→ WHAT IS REQUIRED: Transcribe the data exactly, omitting whatever pictures it holds.

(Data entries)

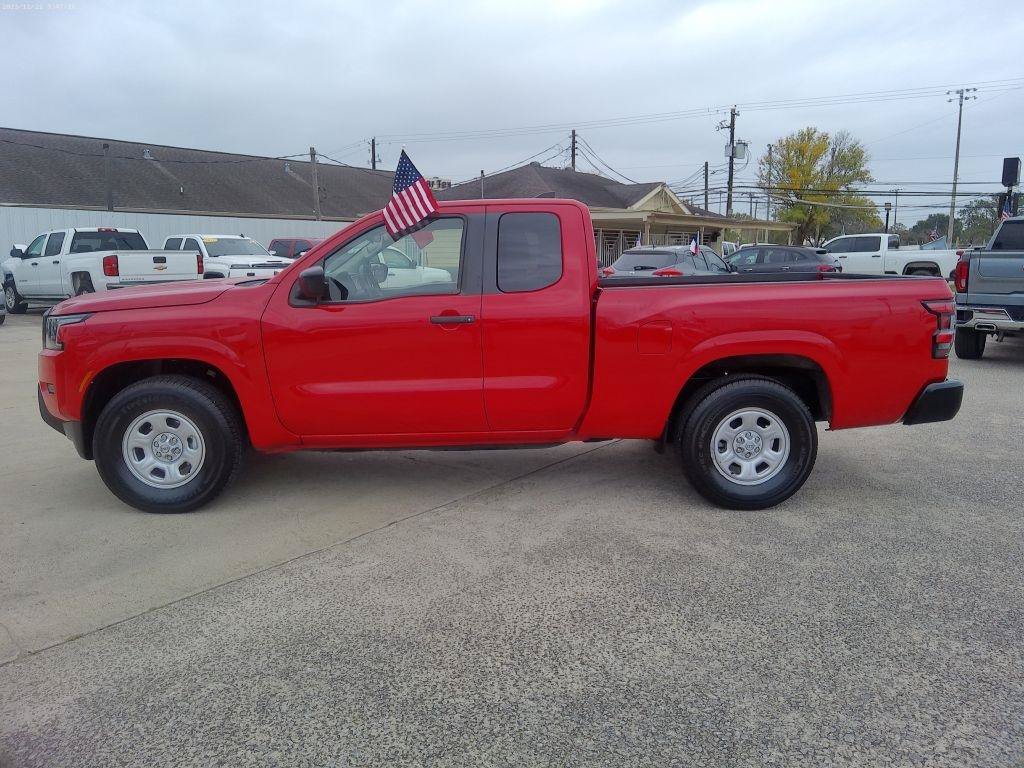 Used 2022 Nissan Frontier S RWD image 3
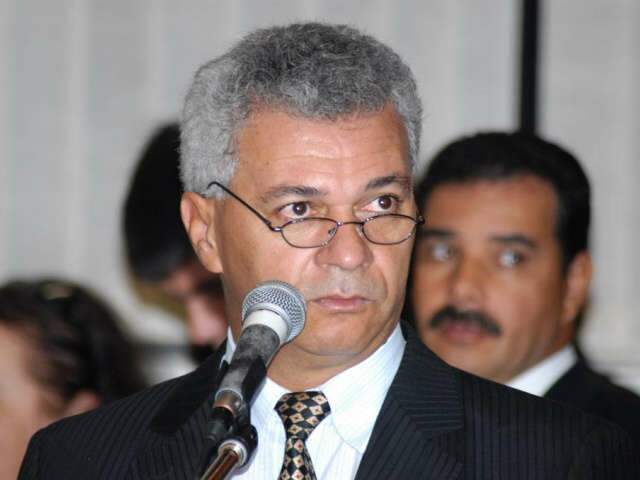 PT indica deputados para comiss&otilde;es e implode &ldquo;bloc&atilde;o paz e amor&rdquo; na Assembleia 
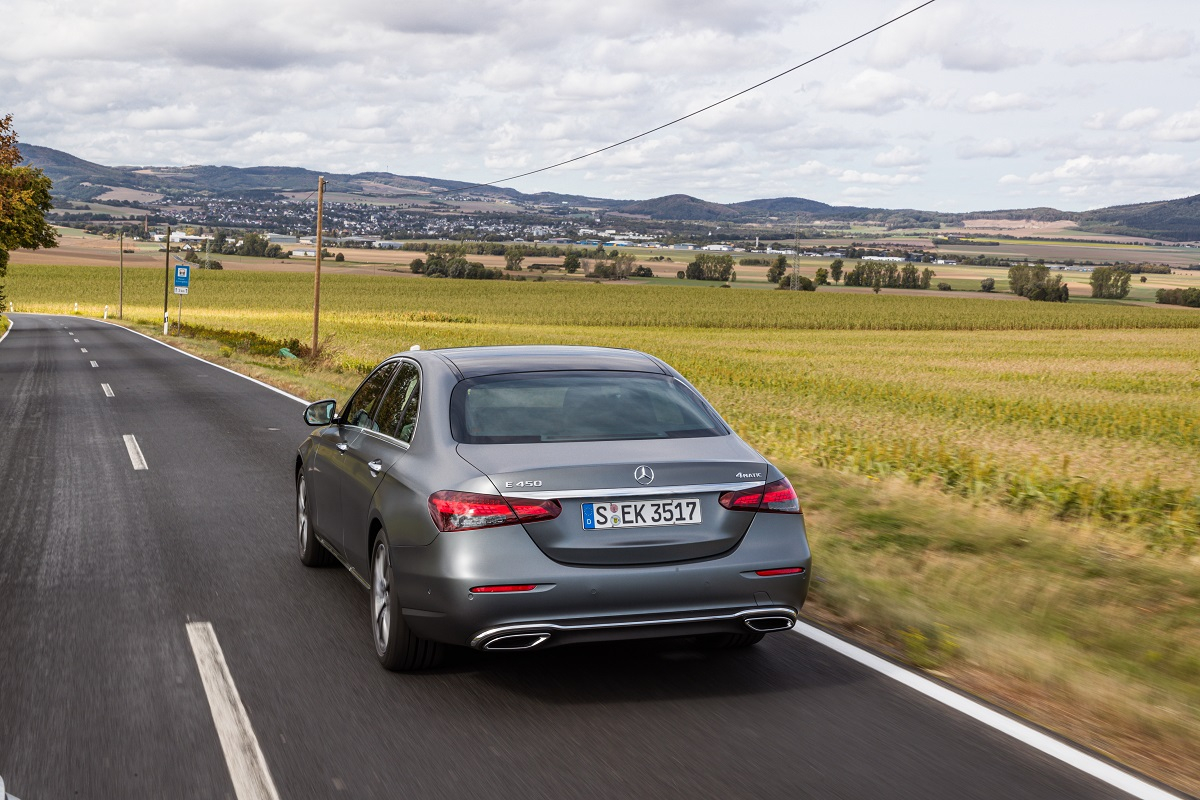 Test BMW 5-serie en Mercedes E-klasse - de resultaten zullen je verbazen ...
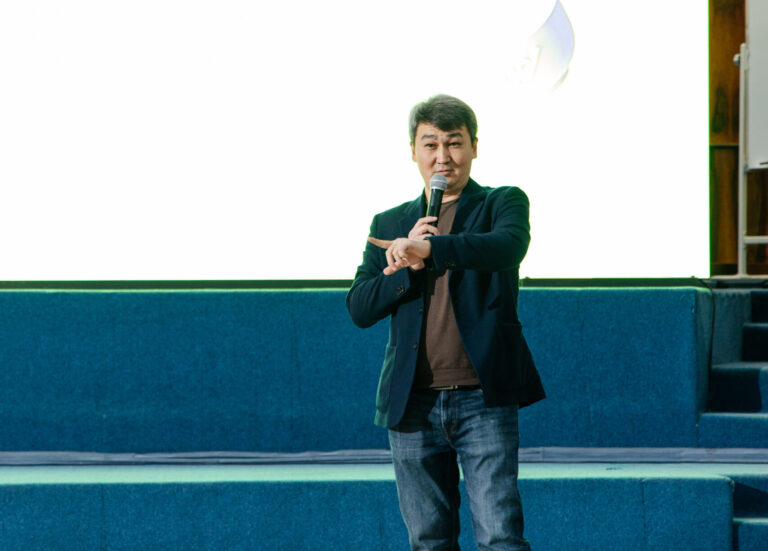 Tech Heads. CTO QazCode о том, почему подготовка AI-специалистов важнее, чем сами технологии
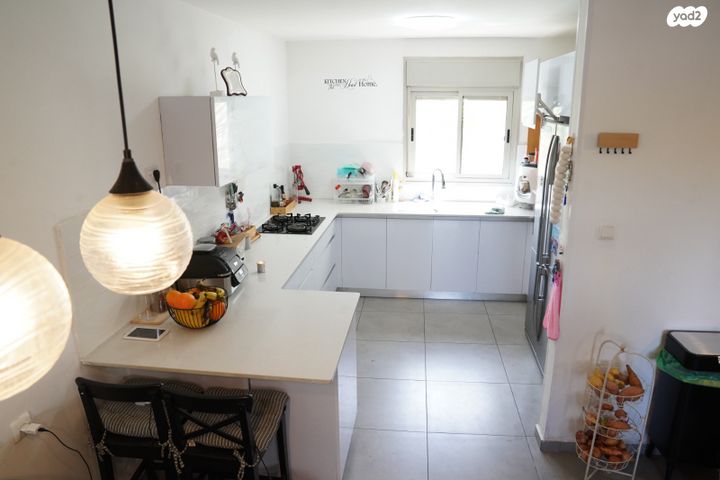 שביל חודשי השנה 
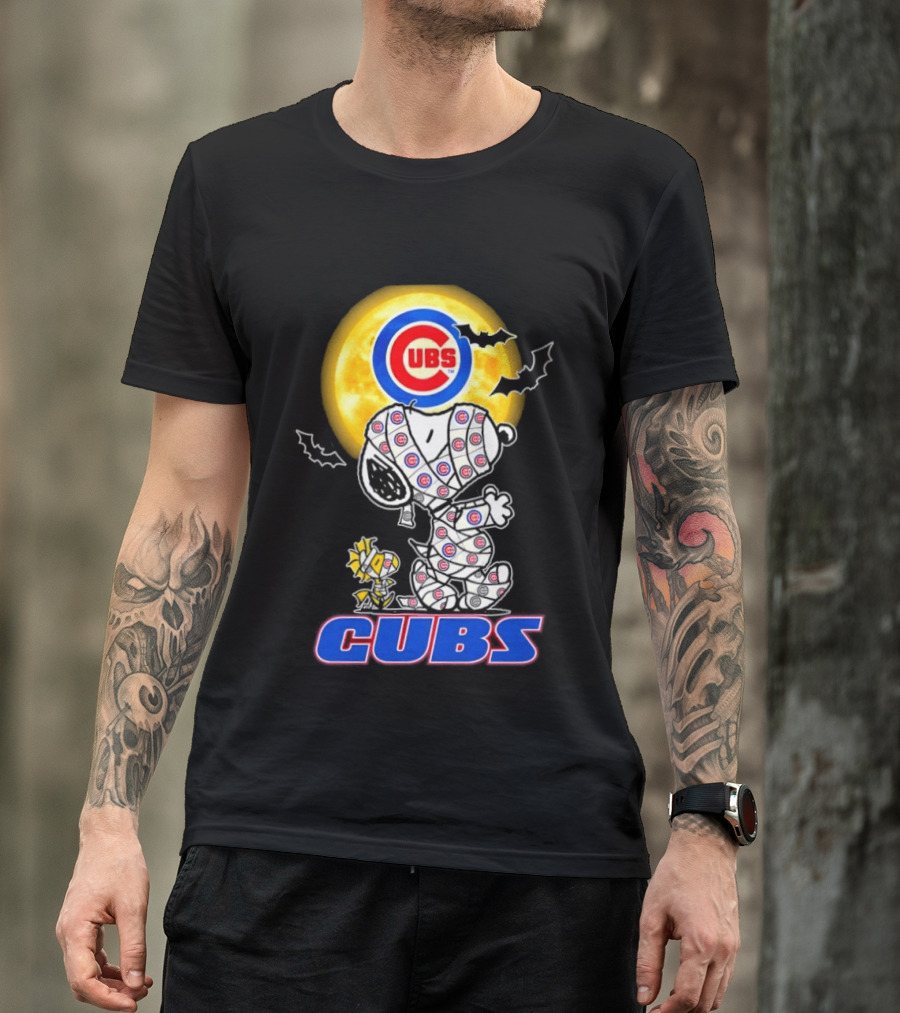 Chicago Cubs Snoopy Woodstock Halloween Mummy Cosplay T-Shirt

→ RESULT OF THIS EXERCISE:
 Used 2022 Nissan Frontier S RWD image 3
 PT indica deputados para comiss&otilde;es e implode &ldquo;bloc&atilde;o paz e amor&rdquo; na Assembleia 
 Test BMW 5-serie en Mercedes E-klasse - de resultaten zullen je verbazen ...
 Tech Heads. CTO QazCode о том, почему подготовка AI-специалистов важнее, чем сами технологии
 שביל חודשי השנה 
 Chicago Cubs Snoopy Woodstock Halloween Mummy Cosplay T-Shirt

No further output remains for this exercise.